Bien que les intentions soient louables, j’ai la conviction intime, l’enfer étant d’ailleurs pavé de bonnes intentions, que notre gouvernement du Québec fait encore inexorablement fausse route avec sa politique de création de maisons des aînés, nouvelle mouture, à la sauce explosion de couleurs, plantes vertes à volonté et milieux de vie architecturés. Vous me passerez, j’espère, ce dernier qualificatif essentiellement de mon cru.

Faut-il préciser que je cultive un énorme respect pour la façon avec laquelle notre premier ministre, François Legault, assume un leadership et une transparence éloquents ! Il faut reconnaître que l’héritage dont il a écopé est bigrement lourd ! Ce ne sont pas de nouvelles installations à la mode qui vont changer quoi que ce soit au laxisme, à l’indifférence et à l’aveuglement volontaire dont a fait montre la société québécoise envers ses vieux… oui, ses vieux : cela dit sans faire aucun procès d’intentions. Bref, va-t-on enfin comprendre qu’il faut cesser d’investir essentiellement dans le béton et les infrastructures, au détriment de l’infrastructure humaine ! Et tenez-vous bien, cette assertion émane d’un promoteur immobilier, constructeur et développeur toujours actif, bien que septuagénaire ! On ne pourra pas me taxer d’être en conflit d’intérêts !

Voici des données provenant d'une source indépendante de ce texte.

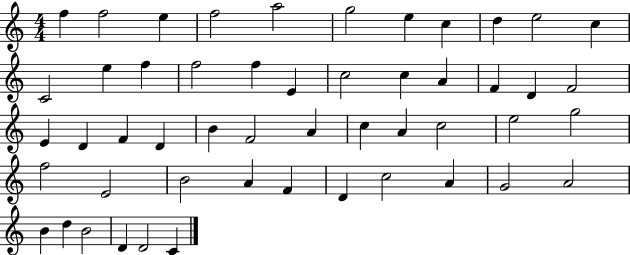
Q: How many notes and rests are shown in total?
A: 51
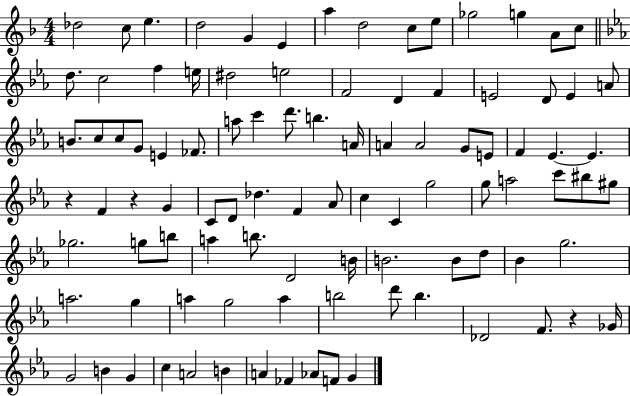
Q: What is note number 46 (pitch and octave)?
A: F4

La crise non encore résorbée dans nos CHSLD, centres de personnes âgées autonomes, ressources intermédiaires et autres est le simple reflet de cette criante et hurlante décrépitude de ce concept de multiplication de milieux de vie, comme on dit au ministère de la Santé, alors que le constat nous démontre que l’on tente de redresser des milieux de déchéance où la dignité élémentaire de la personne est devenue une réalité dépassée par l’ampleur et la lourdeur de la machine bureaucratique ; et ce, nonobstant les efforts et le travail souvent héroïques de celles et ceux qui y œuvrent à longueur d‘année.

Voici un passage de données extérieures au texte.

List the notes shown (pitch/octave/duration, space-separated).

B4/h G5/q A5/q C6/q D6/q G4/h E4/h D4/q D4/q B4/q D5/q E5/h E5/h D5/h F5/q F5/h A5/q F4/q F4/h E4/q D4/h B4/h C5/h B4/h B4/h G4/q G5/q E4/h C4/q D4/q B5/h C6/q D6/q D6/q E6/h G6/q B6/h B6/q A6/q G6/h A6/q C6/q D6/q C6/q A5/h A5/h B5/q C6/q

On y attend résolument la mort, la délivrance, plutôt que d’y célébrer des parcours de vie réussis. Quelle douloureuse contradiction de notre système dont on dit pourtant qu’il est l’un des meilleurs au monde. À bas les mouroirs !

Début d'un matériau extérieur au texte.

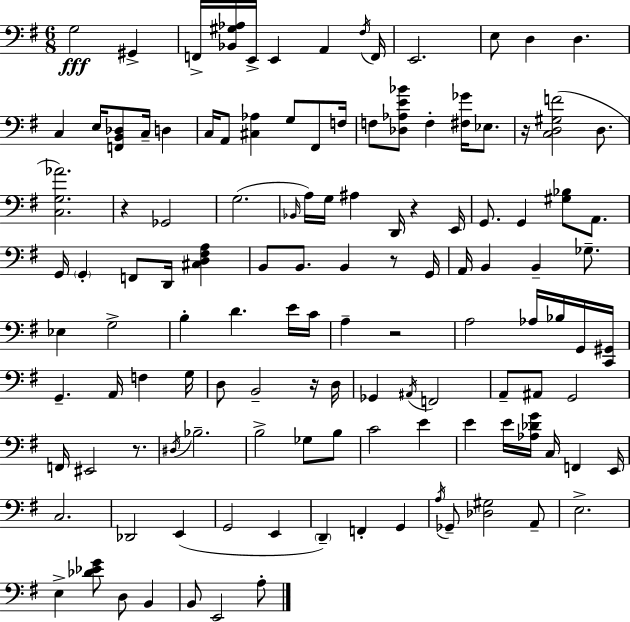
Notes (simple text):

La réponse au problème fondamental et structurel ainsi qu’aux besoins de ces générations de bâtisseurs, d’ancêtres, d’anciens, d’aïeux ou d’autres prédécesseurs de tous les horizons est et demeure l’option de l’investissement massif et récurrent dans les soins de maintien à domicile. Viendront bien assez vite les soins palliatifs qui auront toujours cependant leur raison d’être, en partie, tout au moins, en institutions.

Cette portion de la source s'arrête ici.